Photoelectrochemical (PEC) H2 generation, using water as proton and electron source, is considered the most impactful solar-driven processes to tackle the energy, environment, and climate crisis, providing a circular economy strategy to supply green energy vectors (H2) with zero carbon footprint. Aligning with this view, OHPERA will develop a proof-of-concept unbiased tandem PEC cell to simultaneously achieve efficient solar-driven H2 production at the cathode and high added-value chemicals from valorization of industrial waste (glycerol) at the anode, being sunlight the only energy input. Thus, OPHERA will demonstrate the viability of producing chemicals with economic benefits starting from industrial waste, using a renewable source of energy. For this purpose, OPHERA will integrate highly efficient and stable photoelectrodes based on halide lead-free perovskite nanocrystals (PNCs) and tailored catalytic/passivation layers, avoiding the use of critical raw materials (CRM), in a proof-of-concept eco-design PEC device.

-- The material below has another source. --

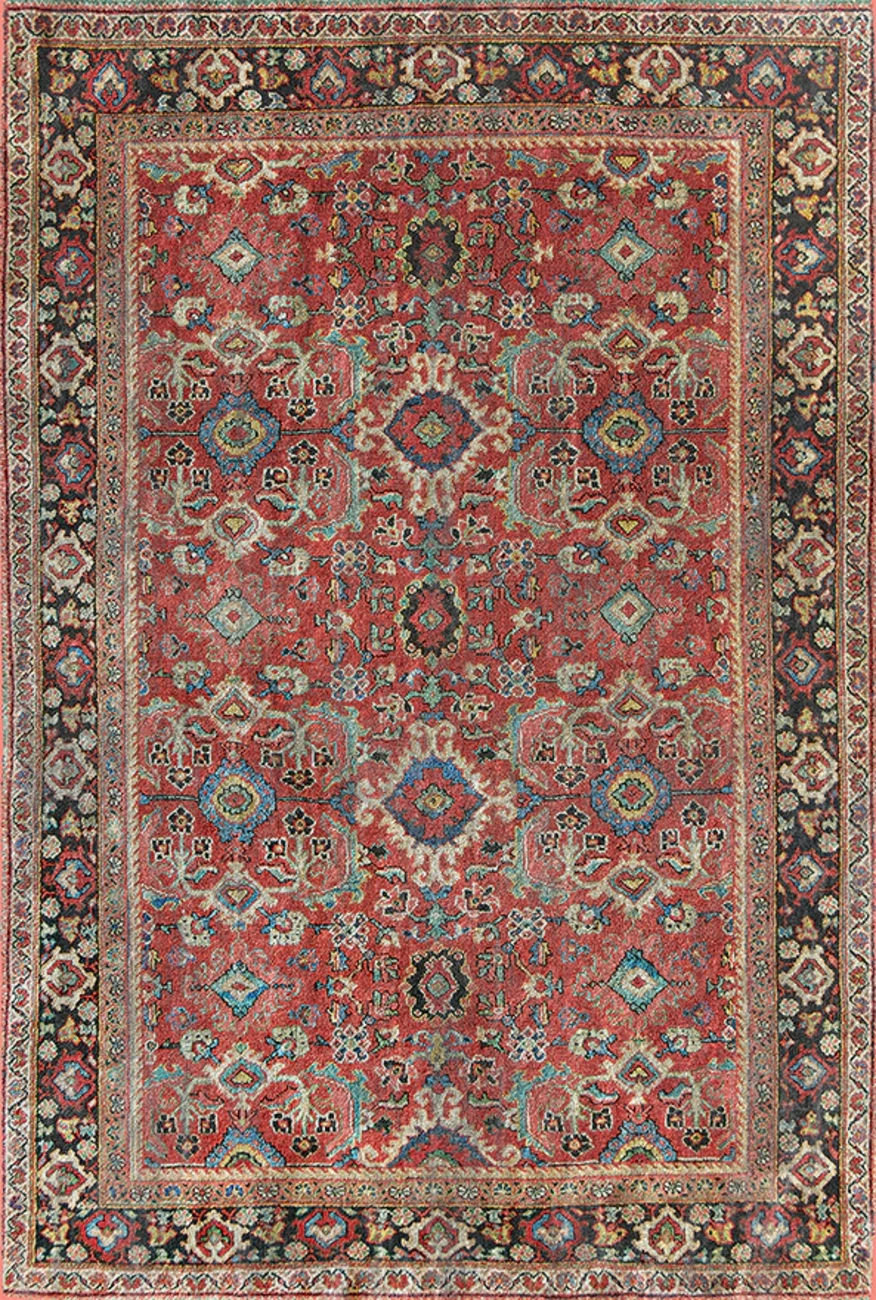 فرش ابریشم ماشینی مدرن و سنتی مناسب حال و پذیرایی برند وارکالا کد ABRISHAM SM 365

Theoretical modelling both at an atomistic and device scales will assist the materials development and mechanistic understanding of the processes, and all materials and components will be integrated in a proof-of-concept device, targeting standalone operation at 10 mA·cm-2 for 100 hours, 90% Faradaic efficiency to H2, and including a clearly defined roadmap for upscaling and exploitation. Therefore, OPHERA will offer a dual process to produce green H2 concomitant to the treatment of industrial waste generating added-value chemicals with high economic and industrial interest, thus offering a competitive LCOH.